ついでに,上で係数1.96をmultiplierと言っていますが,この日本語訳もご存知でしたらご教示いただければ助かります(もしかして,乗数かなとも思うのですが)。

No.12705 Re: 続 信頼区間について  【青木繁伸】 2010/05/24(Mon) 17:47

> というようなことでしょうか。

そういうことでしょう。

> multiplier

テクニカルタームというほどのものでないので,倍数とか乗数とかなんでもよいでしょう。

No.12707 Re: 続 信頼区間について  【Hara_da】 2010/05/24(Mon) 20:02

青木先生,ご回答くださりありがとうございます。大変助かりました。大変恐縮ですが,いま少し(?)ご教示願えれば助かります。ちょっと多いのですが,まとめて掲示いたします。

(1) If either of the outcomes is infrequent, then its proportion is close to 0, the 95% confidence interval calculated by this method may include values of less than 0 or greater than 1.(ここで,この方法とは, SEとしてsqrt(p(1-p)/n)を使う方法のこと)。
上記で,pが0に近ければCIの間隔は狭くなりそうに思えるのですが,この文の後 に,If the number of observations for the infrequent outcome is below 5, the exact method should be used. とあることからすると,これはあくまで,nが非常に少ない場合に限定した話ということなのでしょうか。

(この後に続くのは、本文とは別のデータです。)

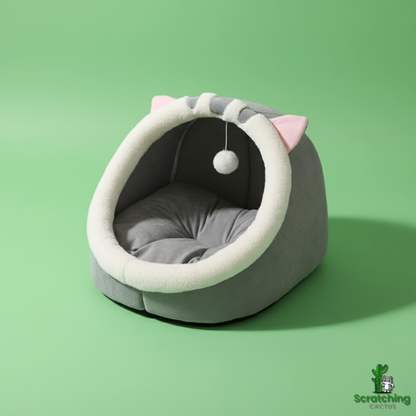 Cozy Cat Cave Bed with Cute Ears – Warm, Breathable & Detachable Cat House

(2) If one of the two outcomes does not occur at all, the lower sample proportion is equal to zero.
こ こで,lower sample proportionといのはsqrt(pq)/n)の,例えば,p < qとして,pのことを言っているのだろうと思うのですが,次の質問との関連で見れば,下側限界のことを言っている,あるいは,その両方?,という気もする のですが。この点について,意見を伺いたいのですが。

(3)上の文に続いて,However, even if a particular outcome is not observed in a sample it does not mean that it can never occur.
標 本に観測されないこと,not = 発生確率 0で,このような考えに立ってrule of 3を用い,その場合,下限値を0とするとのことですが,これについて何も理由が説明されていません。p+z^2/2n ±sqrt(p(1-p)/n+(z/2n)^2)/(1+z^2/n)がp = 0だと0になるからかと考えたいところだったのですが,続いて,上限は3/nにすると書かれていました。そうなると,どうも何故そのように限界値を設定で きるのか分かりません。これについても,ご教示いただければ,幸いです。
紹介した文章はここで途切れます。